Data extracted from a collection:
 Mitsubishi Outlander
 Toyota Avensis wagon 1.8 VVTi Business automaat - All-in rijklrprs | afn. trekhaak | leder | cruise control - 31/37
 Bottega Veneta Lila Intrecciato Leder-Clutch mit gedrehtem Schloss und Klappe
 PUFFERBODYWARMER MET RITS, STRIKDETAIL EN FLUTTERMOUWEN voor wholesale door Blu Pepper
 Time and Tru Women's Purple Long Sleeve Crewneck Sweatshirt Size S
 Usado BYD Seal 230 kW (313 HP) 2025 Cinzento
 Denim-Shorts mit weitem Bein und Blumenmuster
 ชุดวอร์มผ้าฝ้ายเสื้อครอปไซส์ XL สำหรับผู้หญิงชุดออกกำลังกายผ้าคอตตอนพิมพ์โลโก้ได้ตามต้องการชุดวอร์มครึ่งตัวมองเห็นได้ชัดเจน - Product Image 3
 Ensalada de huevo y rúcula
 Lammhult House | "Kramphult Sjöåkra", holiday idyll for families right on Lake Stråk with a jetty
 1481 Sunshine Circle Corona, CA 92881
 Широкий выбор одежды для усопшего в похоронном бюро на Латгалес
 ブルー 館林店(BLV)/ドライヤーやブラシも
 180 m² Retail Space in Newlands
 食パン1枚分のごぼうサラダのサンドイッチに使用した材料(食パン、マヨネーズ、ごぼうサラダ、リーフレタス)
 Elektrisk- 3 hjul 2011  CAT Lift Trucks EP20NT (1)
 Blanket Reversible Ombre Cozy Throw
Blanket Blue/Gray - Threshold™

TASK OBJECTIVE –
Retype every line above with nothing changed.

RESULT OF THE TASK –
 Mitsubishi Outlander
 Toyota Avensis wagon 1.8 VVTi Business automaat - All-in rijklrprs | afn. trekhaak | leder | cruise control - 31/37
 Bottega Veneta Lila Intrecciato Leder-Clutch mit gedrehtem Schloss und Klappe
 PUFFERBODYWARMER MET RITS, STRIKDETAIL EN FLUTTERMOUWEN voor wholesale door Blu Pepper
 Time and Tru Women's Purple Long Sleeve Crewneck Sweatshirt Size S
 Usado BYD Seal 230 kW (313 HP) 2025 Cinzento
 Denim-Shorts mit weitem Bein und Blumenmuster
 ชุดวอร์มผ้าฝ้ายเสื้อครอปไซส์ XL สำหรับผู้หญิงชุดออกกำลังกายผ้าคอตตอนพิมพ์โลโก้ได้ตามต้องการชุดวอร์มครึ่งตัวมองเห็นได้ชัดเจน - Product Image 3
 Ensalada de huevo y rúcula
 Lammhult House | "Kramphult Sjöåkra", holiday idyll for families right on Lake Stråk with a jetty
 1481 Sunshine Circle Corona, CA 92881
 Широкий выбор одежды для усопшего в похоронном бюро на Латгалес
 ブルー 館林店(BLV)/ドライヤーやブラシも
 180 m² Retail Space in Newlands
 食パン1枚分のごぼうサラダのサンドイッチに使用した材料(食パン、マヨネーズ、ごぼうサラダ、リーフレタス)
 Elektrisk- 3 hjul 2011  CAT Lift Trucks EP20NT (1)
 Blanket Reversible Ombre Cozy Throw
Blanket Blue/Gray - Threshold™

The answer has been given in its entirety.